- _Your goal_
The answer must be an exact copy of the lines from the one containing "Dämpfer EFB Elektronik PRO-VIB01" through the last line of the records, with no pictures.

Source material START

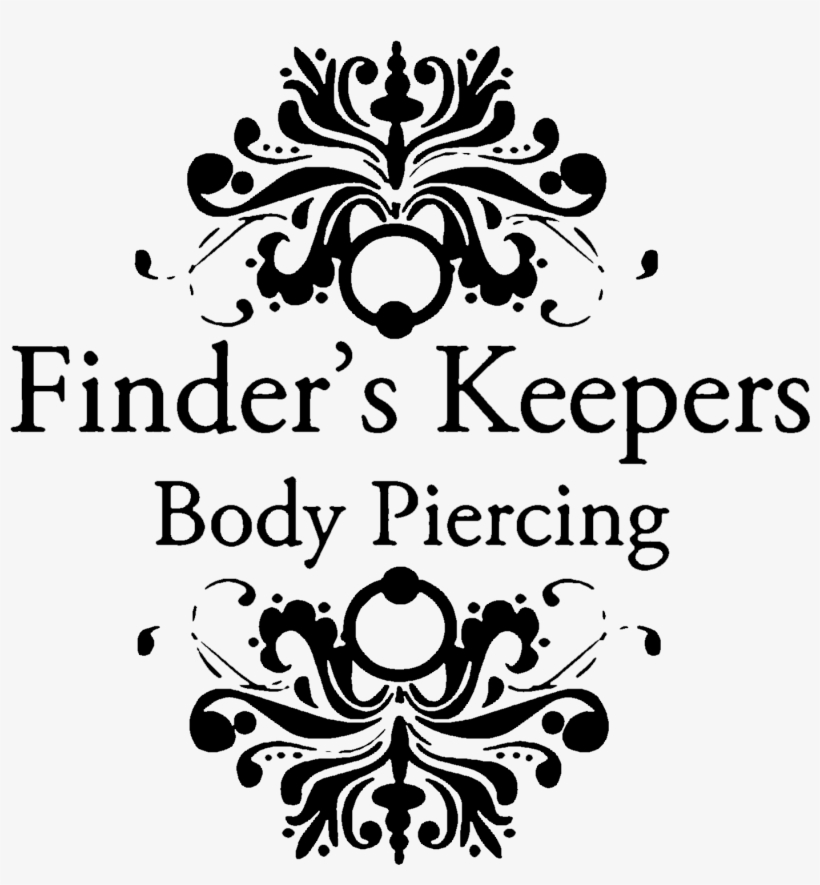 Generic Ornament Business Card Visitenkarte, transparent png download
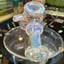Small image 9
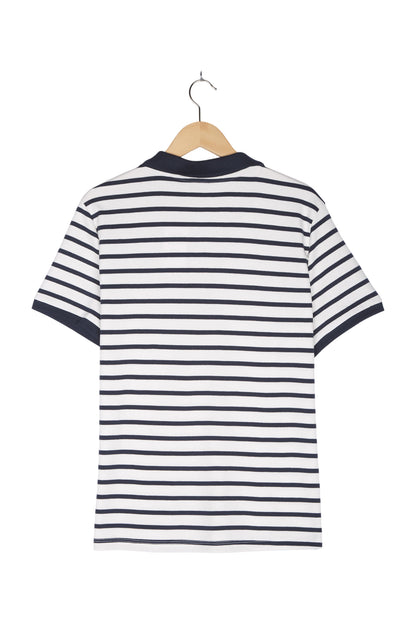 POLO SYLT POLO SYLT Poloshirt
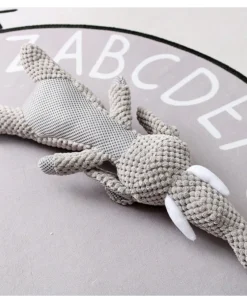 He1c9500c46ab4ce9b0418fe7e28a5228G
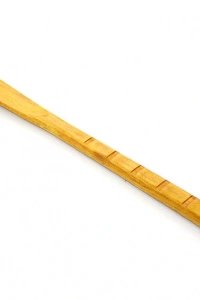 Bambu Kerata Çekecek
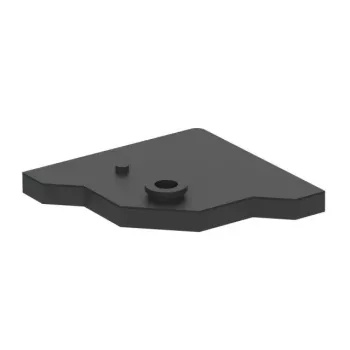 Dämpfer EFB Elektronik PRO-VIB01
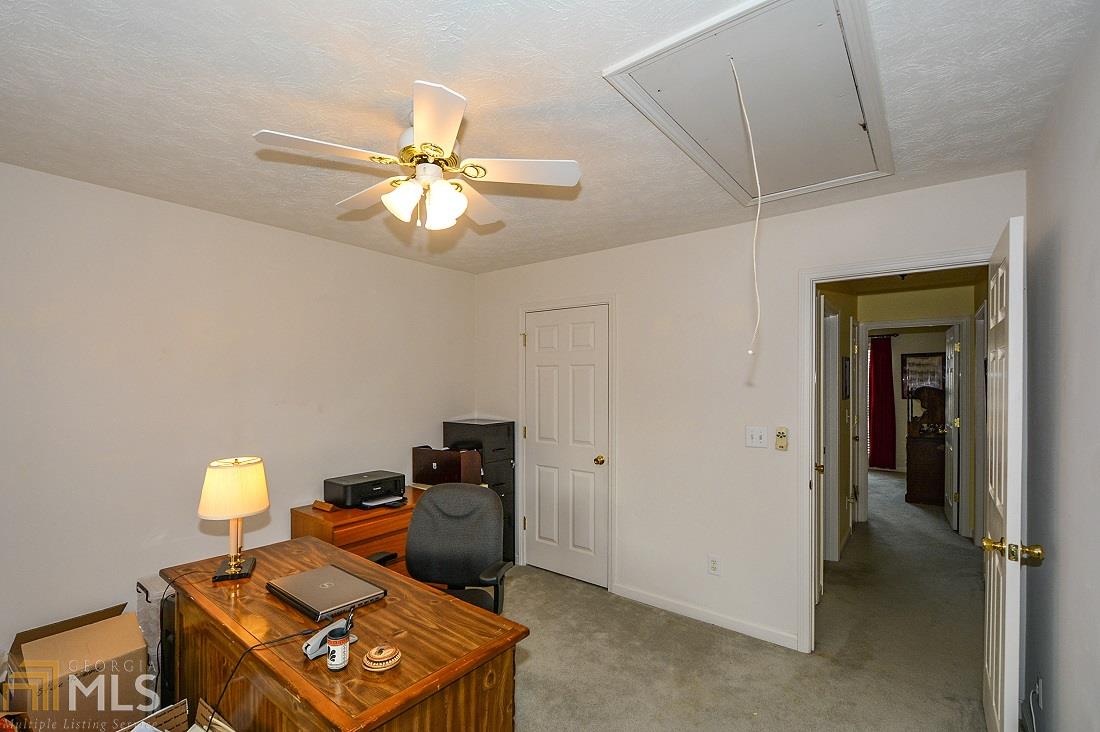 4732 Overlook View Ct, Duluth, GA 30096 photo 18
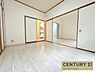 洋室：★綺麗なお部屋★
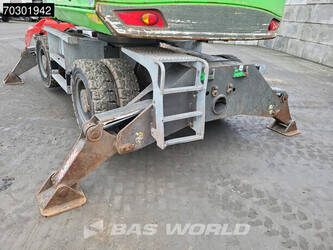 2019-sennebogen-818e-1390888-44664827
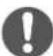 LG 24LB454A-TG - CAUTION - 31
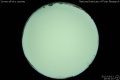 2012/3/12 20:30’10”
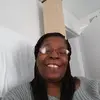 Claudia Matthew - @claudia.matthew - TikTok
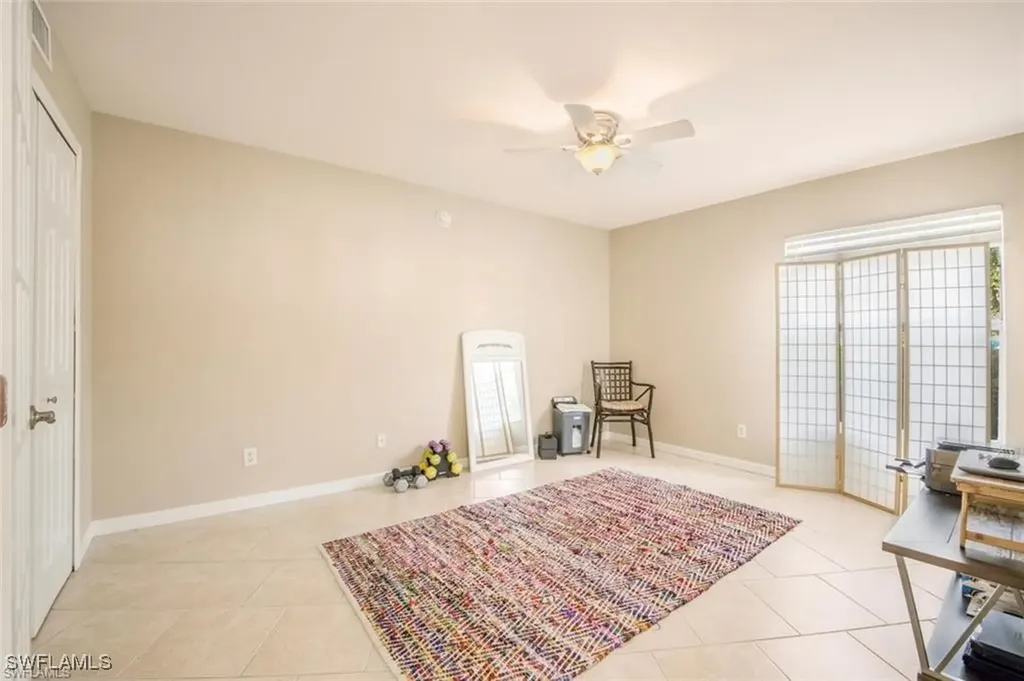 9589 Crescent Garden Drive Naples FL 34109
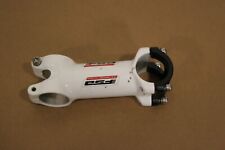 FSA OS 99 Lega Stelo 110mm x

Source material END

- _Response area_
 Dämpfer EFB Elektronik PRO-VIB01
 4732 Overlook View Ct, Duluth, GA 30096 photo 18
 洋室：★綺麗なお部屋★
 2019-sennebogen-818e-1390888-44664827
 LG 24LB454A-TG - CAUTION - 31
 2012/3/12 20:30’10”
 Claudia Matthew - @claudia.matthew - TikTok
 9589 Crescent Garden Drive Naples FL 34109
 FSA OS 99 Lega Stelo 110mm x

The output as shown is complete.